» ABOUT THIS TASK:
Would you reproduce exactly, and only, the lines starting at the one with "张颖康进组拍戏前抽时间陪家人 夫妻俩带着子女去游乐场开心游玩 - 4" and ending at the last line of the data, with both included? Leave the pictures out.

» DATASET ENTRIES:
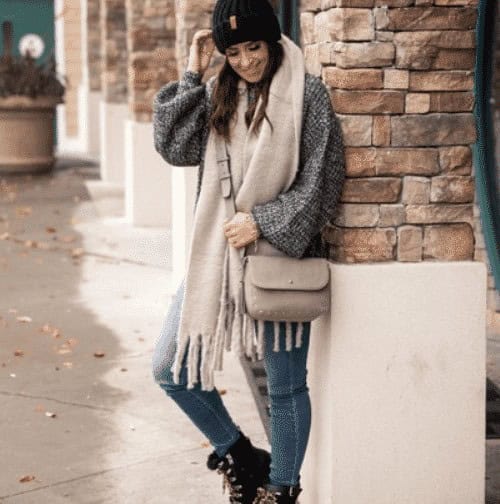 5 – Chunky Woolen Sweater With Distressed Scarf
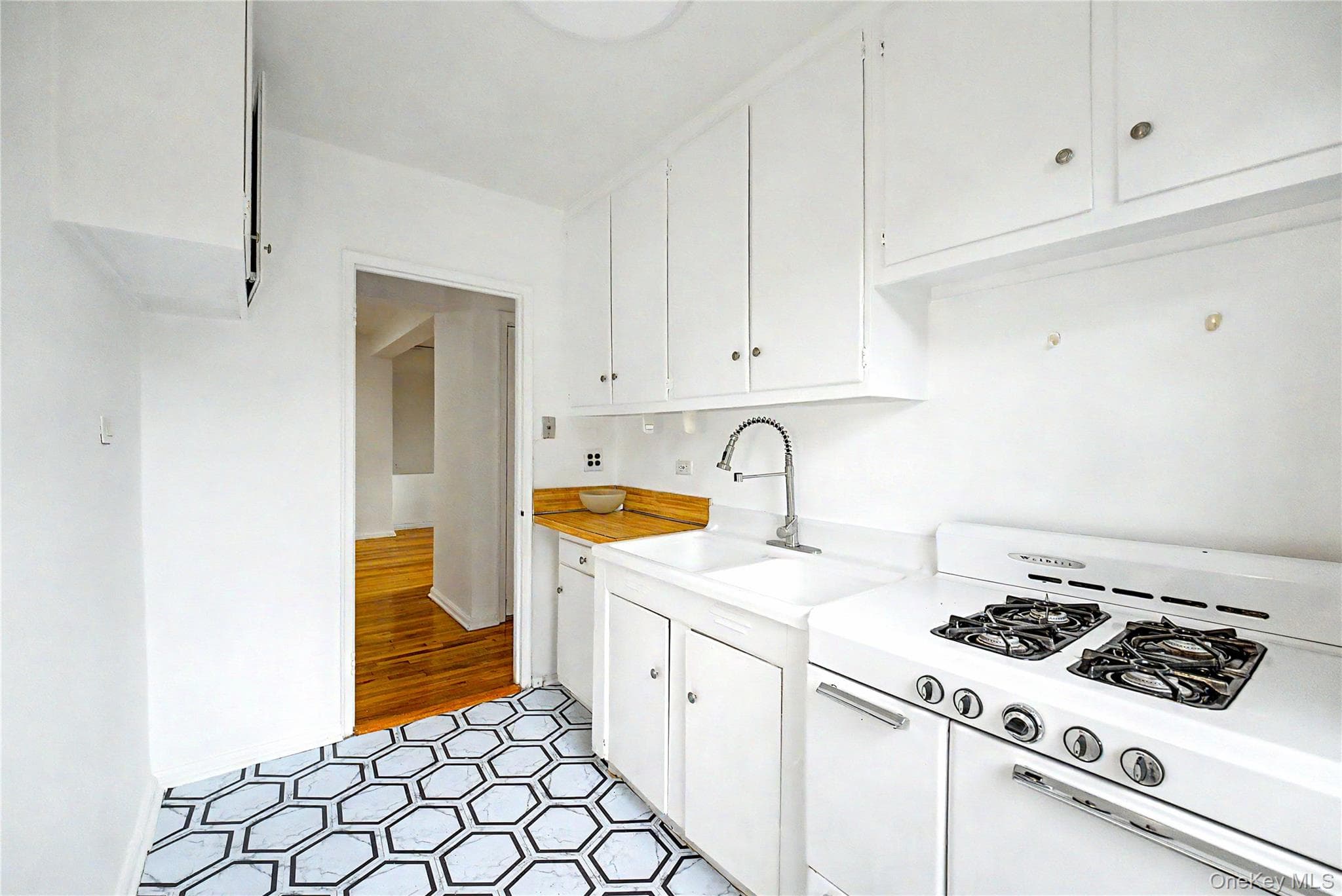75-08 Bell Boulevard Unit: 3L thumbnail 9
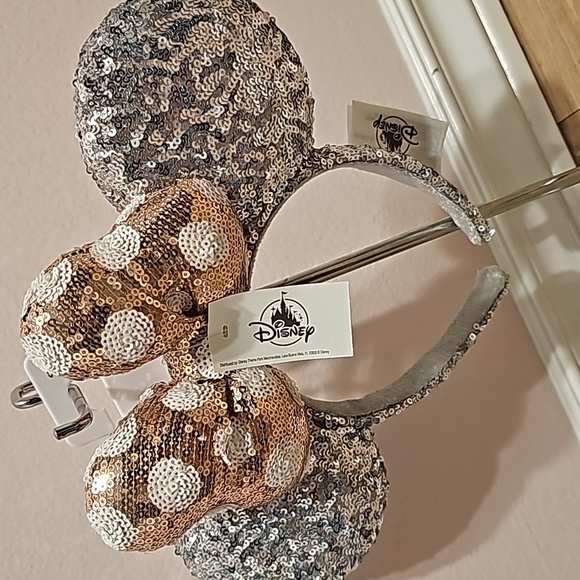 Disney Accessories - NWT Disney Parks Exclusive - Minnie Mickey Ears Headband - Silver with Gold Bow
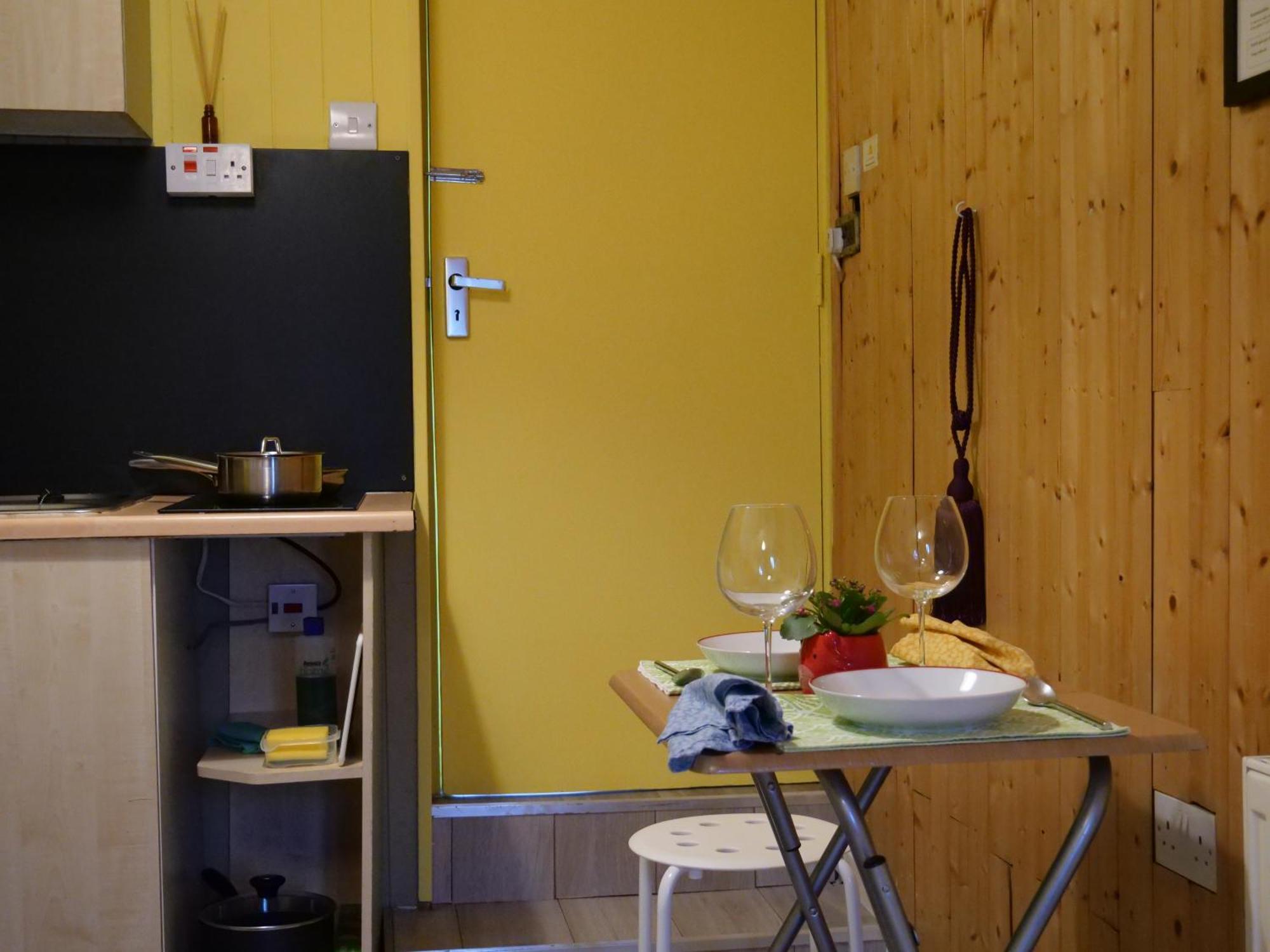 La Estrella Apartment Beckenham Luaran gambar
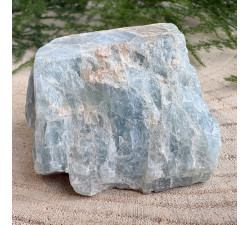 Akvamarín neopracovaný minerál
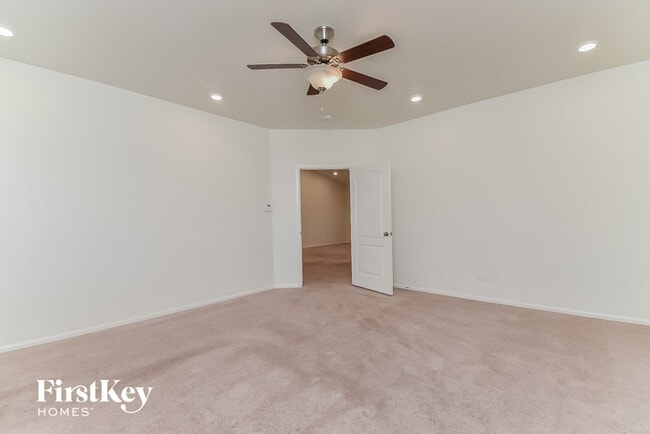 Building Photo - 9784 Borderpine Way
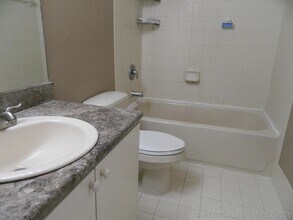 Building Photo - 3305 Shoma Dr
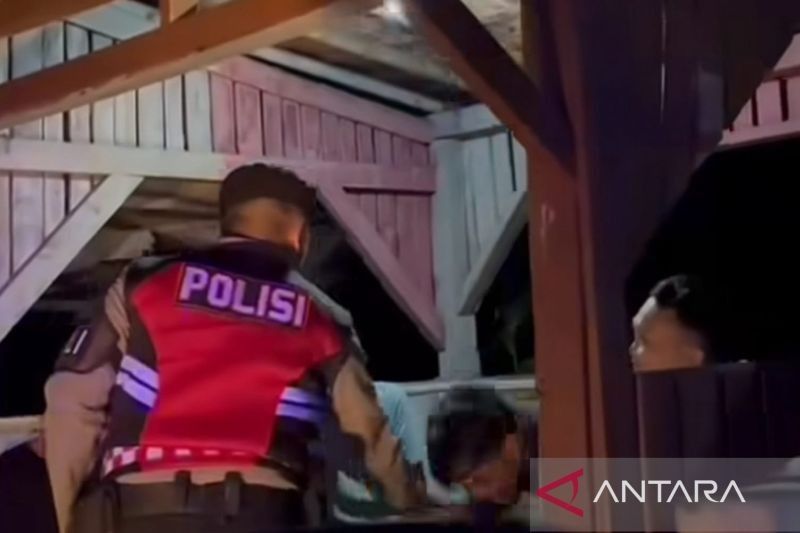 Fakta Unik: 637 Botol Miras Disita! Polres Cianjur Gencarkan Razia, Sasar Kios Berkedok Depot Jamu dalam Penyitaan Miras Cianjur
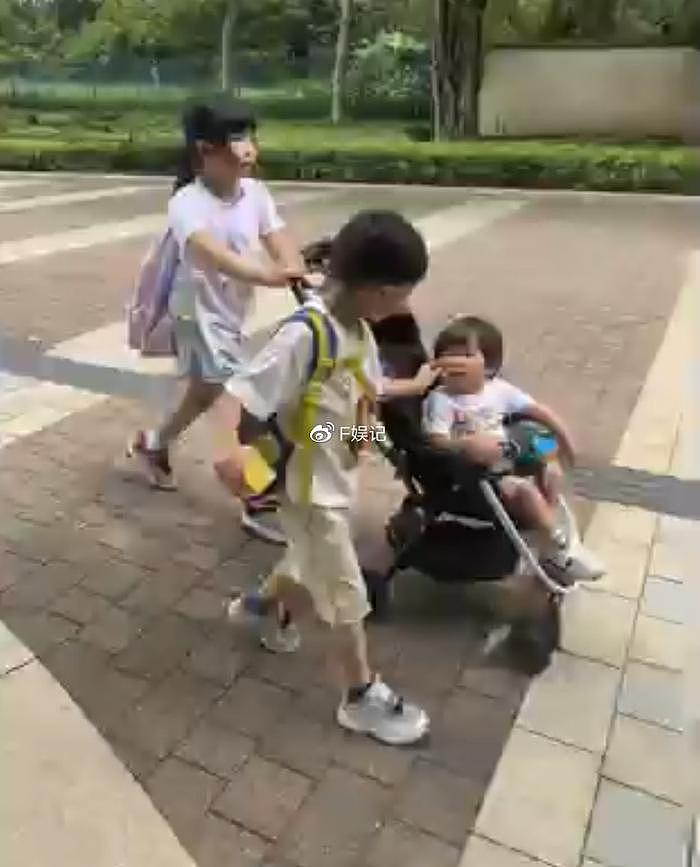 张颖康进组拍戏前抽时间陪家人 夫妻俩带着子女去游乐场开心游玩 - 4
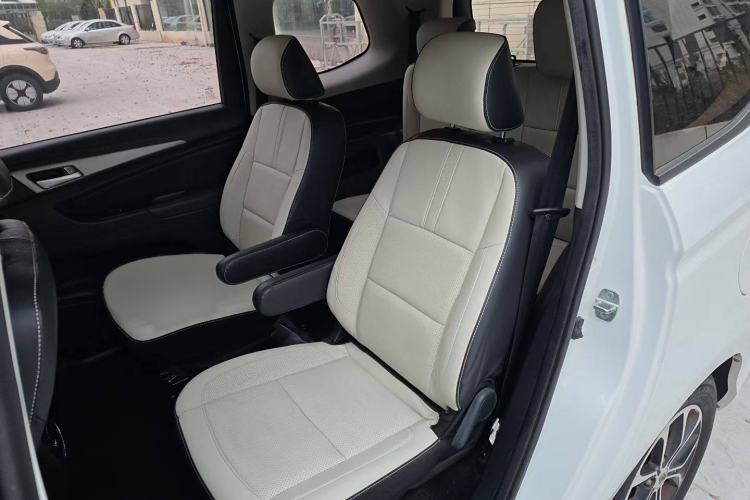 Used CHANGAN KAICHENG Changxing EV 2022 Luxury Model 6 Seats Interior 4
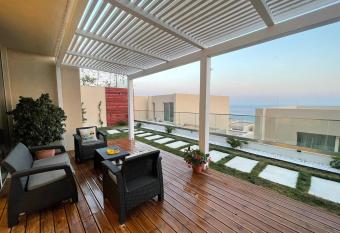 Villa Azure allows 18 year olds to book a room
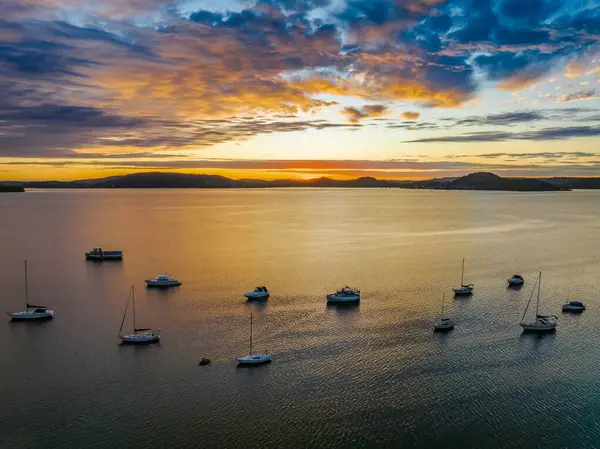 Sonnenaufgang Über Brisbane Water Mit Wolken Und Booten Bei Koolewong — Stockfoto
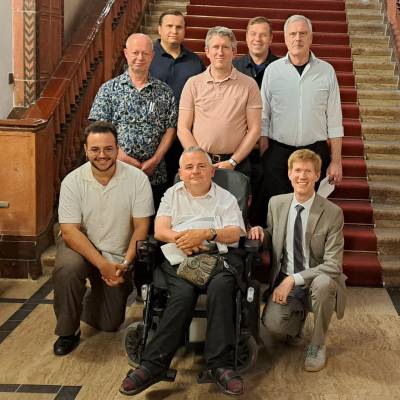 Am 14. Juni 2025 wurde der neue Vorstand der CDU Friedenau gew�hlt. Ich freue mich sehr �ber das Vertrauen und die Wiederwahl zusammen mit den stellvertretenden Vorsitzenden Inga Frohmann, Wolfram Giese und Christian Schoeler sowie dem Schatzmeister Martin Wust. Ebenfalls aktiv im Vorstand sind u.a. Dr. Stefan Flemming, Marcus G�tzschlicht, Adam Konst, Artur Adam und Philipp Seehofer. Wir werden uns weiterhin engagiert f�r Friedenau einsetzen.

» ANSWER BOX:
 张颖康进组拍戏前抽时间陪家人 夫妻俩带着子女去游乐场开心游玩 - 4
 Used CHANGAN KAICHENG Changxing EV 2022 Luxury Model 6 Seats Interior 4
 Villa Azure allows 18 year olds to book a room
 Sonnenaufgang Über Brisbane Water Mit Wolken Und Booten Bei Koolewong — Stockfoto
 Am 14. Juni 2025 wurde der neue Vorstand der CDU Friedenau gew�hlt. Ich freue mich sehr �ber das Vertrauen und die Wiederwahl zusammen mit den stellvertretenden Vorsitzenden Inga Frohmann, Wolfram Giese und Christian Schoeler sowie dem Schatzmeister Martin Wust. Ebenfalls aktiv im Vorstand sind u.a. Dr. Stefan Flemming, Marcus G�tzschlicht, Adam Konst, Artur Adam und Philipp Seehofer. Wir werden uns weiterhin engagiert f�r Friedenau einsetzen.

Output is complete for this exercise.